House Bill 203 has much of the same language as SB 58 approved in committee but it allows development authorities to bond without a referendum.  HB 203 also passed out of committee last week and should be headed to the Senate for a final determination in the last three days of the session.

Both bills state that bond proceeds from prior bond referendums must be paid as the issuer intended therefore by my calculation and by DeKalb County's own records, Brook Run Park was promised $11.5 million dollars and it is still owed about $7 million.  

Dunwoody residents have been paying for these parks for years and the transfer price of $100 per acre was based on the same solution that Sandy Springs paid to Fulton to transfer their properties.  The only major difference once Dunwoody takes over the operation is that the City of Dunwoody will be responsible for all up keep and maintenance of park facilities; as well as staffing on going endeavors like the Brook Run Skate Park.  Since the City of Dunwoody will also be paying for the 2006 Parks Bond referendum for many years to come, the funding promised to the park should rightfully remain with in the community who will be paying those taxes.

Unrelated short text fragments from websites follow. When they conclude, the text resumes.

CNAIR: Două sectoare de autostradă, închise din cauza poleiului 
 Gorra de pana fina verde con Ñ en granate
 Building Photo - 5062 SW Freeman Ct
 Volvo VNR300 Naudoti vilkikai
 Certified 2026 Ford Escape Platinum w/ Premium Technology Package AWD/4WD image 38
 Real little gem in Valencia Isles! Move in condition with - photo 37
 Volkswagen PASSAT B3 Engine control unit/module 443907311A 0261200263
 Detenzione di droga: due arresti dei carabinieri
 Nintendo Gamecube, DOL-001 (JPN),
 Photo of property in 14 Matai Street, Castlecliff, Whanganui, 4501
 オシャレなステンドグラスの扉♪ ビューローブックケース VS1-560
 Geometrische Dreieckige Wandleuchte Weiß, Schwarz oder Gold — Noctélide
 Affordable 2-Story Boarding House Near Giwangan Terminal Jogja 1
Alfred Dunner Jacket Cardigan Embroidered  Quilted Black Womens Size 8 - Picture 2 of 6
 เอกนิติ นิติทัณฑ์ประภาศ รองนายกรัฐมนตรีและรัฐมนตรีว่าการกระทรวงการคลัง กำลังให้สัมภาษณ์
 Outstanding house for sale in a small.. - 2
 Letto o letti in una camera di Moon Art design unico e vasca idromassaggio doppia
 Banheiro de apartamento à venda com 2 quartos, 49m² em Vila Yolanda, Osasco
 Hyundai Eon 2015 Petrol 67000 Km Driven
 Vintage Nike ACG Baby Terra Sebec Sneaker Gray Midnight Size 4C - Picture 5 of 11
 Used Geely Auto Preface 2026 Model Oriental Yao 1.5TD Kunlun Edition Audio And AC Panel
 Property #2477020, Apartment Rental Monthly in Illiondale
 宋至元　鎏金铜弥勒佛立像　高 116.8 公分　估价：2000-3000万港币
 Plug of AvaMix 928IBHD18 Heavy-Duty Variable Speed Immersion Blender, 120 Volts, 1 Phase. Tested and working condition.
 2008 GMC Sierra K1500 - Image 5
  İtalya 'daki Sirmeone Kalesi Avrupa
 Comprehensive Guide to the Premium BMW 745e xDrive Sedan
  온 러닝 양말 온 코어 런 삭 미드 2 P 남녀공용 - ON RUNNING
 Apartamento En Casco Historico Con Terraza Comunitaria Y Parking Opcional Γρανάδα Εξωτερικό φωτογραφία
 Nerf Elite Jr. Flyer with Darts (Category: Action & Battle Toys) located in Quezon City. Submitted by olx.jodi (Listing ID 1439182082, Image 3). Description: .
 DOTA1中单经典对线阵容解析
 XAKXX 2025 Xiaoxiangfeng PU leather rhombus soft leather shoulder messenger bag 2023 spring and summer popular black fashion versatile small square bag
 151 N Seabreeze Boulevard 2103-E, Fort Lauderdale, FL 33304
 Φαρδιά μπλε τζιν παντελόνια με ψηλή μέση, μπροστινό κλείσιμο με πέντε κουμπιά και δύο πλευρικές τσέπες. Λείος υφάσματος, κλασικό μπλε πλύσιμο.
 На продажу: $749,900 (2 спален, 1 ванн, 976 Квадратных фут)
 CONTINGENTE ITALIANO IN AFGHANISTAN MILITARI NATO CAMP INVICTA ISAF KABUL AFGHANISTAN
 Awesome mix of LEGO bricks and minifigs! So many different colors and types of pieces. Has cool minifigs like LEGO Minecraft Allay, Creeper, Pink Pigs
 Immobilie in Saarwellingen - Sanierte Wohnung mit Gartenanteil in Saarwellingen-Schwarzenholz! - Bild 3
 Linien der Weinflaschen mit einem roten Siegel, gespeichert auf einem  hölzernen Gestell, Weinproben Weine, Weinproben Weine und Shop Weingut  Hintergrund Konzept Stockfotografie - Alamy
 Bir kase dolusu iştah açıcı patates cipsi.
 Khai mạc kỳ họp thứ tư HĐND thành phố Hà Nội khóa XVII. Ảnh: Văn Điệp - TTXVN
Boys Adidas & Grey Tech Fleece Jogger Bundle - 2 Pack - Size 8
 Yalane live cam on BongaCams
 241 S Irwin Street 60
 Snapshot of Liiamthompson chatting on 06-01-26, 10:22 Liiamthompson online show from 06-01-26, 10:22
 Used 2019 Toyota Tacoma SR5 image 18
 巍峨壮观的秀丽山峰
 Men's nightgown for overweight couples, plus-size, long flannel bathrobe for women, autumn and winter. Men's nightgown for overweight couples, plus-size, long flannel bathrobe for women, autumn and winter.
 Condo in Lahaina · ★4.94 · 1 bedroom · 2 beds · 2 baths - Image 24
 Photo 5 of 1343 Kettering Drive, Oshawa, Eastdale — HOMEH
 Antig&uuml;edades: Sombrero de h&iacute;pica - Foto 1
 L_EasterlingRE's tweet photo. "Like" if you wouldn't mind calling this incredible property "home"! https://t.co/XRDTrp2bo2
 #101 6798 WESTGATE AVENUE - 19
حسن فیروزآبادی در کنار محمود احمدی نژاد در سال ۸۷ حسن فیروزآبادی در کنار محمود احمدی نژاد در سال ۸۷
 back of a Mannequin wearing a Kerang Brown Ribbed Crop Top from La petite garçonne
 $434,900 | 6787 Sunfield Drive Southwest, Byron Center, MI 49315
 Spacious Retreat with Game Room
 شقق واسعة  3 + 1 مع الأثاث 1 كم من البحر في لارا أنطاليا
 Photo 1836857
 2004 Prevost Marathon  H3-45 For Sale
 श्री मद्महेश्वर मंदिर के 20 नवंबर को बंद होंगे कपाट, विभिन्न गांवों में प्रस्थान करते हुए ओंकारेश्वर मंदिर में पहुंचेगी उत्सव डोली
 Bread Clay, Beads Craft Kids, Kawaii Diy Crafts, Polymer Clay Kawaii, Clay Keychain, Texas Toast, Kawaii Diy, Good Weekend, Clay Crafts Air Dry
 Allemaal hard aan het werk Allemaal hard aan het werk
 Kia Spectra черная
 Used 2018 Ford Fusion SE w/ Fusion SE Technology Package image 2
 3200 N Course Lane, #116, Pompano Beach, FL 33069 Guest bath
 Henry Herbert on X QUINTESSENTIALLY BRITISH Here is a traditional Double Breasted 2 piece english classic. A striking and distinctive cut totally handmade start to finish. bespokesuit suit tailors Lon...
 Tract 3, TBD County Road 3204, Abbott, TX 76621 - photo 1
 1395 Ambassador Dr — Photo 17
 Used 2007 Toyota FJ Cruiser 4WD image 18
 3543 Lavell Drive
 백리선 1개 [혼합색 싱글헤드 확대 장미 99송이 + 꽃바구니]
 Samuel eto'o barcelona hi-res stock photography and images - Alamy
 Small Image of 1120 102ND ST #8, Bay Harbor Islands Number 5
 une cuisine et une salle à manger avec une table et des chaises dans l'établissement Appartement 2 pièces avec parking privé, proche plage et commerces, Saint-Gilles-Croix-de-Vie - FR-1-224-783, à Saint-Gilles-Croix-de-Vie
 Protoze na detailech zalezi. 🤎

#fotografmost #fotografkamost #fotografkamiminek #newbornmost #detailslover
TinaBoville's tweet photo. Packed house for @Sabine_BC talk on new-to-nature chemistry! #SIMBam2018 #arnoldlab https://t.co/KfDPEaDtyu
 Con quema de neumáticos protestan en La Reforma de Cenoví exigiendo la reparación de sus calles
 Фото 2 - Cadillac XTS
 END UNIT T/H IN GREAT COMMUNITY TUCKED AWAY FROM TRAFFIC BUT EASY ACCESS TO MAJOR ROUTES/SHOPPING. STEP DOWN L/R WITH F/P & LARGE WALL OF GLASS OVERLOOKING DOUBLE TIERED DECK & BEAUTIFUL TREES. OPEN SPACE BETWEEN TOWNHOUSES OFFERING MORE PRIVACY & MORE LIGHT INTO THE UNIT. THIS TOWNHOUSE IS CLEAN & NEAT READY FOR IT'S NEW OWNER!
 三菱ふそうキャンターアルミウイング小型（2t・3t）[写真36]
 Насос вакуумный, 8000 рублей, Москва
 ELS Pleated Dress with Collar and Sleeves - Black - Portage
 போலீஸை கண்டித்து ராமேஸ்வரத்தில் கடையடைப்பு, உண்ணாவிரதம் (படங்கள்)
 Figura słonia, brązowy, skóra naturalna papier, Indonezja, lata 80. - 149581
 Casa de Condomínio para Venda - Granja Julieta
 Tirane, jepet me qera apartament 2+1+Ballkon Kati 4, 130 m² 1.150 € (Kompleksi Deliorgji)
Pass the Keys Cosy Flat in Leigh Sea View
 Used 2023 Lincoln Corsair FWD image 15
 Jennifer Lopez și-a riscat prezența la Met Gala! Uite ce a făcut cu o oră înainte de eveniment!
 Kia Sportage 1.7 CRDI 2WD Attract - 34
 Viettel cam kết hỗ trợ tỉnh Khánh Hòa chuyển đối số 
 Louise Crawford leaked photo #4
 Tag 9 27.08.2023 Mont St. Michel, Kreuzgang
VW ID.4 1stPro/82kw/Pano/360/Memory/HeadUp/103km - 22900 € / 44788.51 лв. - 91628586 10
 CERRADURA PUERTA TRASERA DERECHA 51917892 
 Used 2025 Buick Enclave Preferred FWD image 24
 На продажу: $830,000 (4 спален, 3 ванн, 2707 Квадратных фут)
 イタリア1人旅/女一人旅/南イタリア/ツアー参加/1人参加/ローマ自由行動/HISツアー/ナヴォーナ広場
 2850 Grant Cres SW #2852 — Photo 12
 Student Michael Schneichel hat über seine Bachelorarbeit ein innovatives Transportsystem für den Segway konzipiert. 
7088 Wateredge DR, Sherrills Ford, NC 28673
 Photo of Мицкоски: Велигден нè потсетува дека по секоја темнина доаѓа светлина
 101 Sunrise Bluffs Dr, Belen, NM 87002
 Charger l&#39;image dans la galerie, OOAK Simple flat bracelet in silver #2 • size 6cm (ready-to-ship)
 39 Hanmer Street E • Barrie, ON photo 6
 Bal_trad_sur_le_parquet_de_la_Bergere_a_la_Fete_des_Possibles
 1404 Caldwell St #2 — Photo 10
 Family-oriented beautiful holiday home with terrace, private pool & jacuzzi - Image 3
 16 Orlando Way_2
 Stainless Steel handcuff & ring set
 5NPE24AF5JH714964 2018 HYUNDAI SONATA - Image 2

If these two bills pass and the park property is transferred to the City of Dunwoody, I along with the Mayor and City Council, look forward to taking quick action on making basic improvements that have been lacking such as proper building security, increased park benches, a complete safety audit and repaired water fountains.  After that I will be looking forward to holding public meetings to see what the community would like to do with its parks system; since I don't think an aviary is going to cut it.


silverlining said...

If you look at the spreadsheet in the blog, it also shows 28 million for land acquisitions in Dekalb County. 8 mill was already identified (none of it in Dunwoody area). 20 mill was in reserve. My point is, shouldn't the City of Dunwoody which has about 5% of Dekalb's pops be in line for 1.5 million of this land acquisition fund? Especially since several studies have shown how we are below avg in park land. I guess if I were Dekalb County I would argue that we are already getting our fair share of the total bond proceeds.

Lastly, the face value of the bond offering was 230 mil., but at the interest rate offered (7.5%), the proceeds should have been more. What happens to that money or am I missing something?

Bob Fiscella said...

It sounds very promising - I'm keeping my fingers crossed!


Dunwoody Mom said...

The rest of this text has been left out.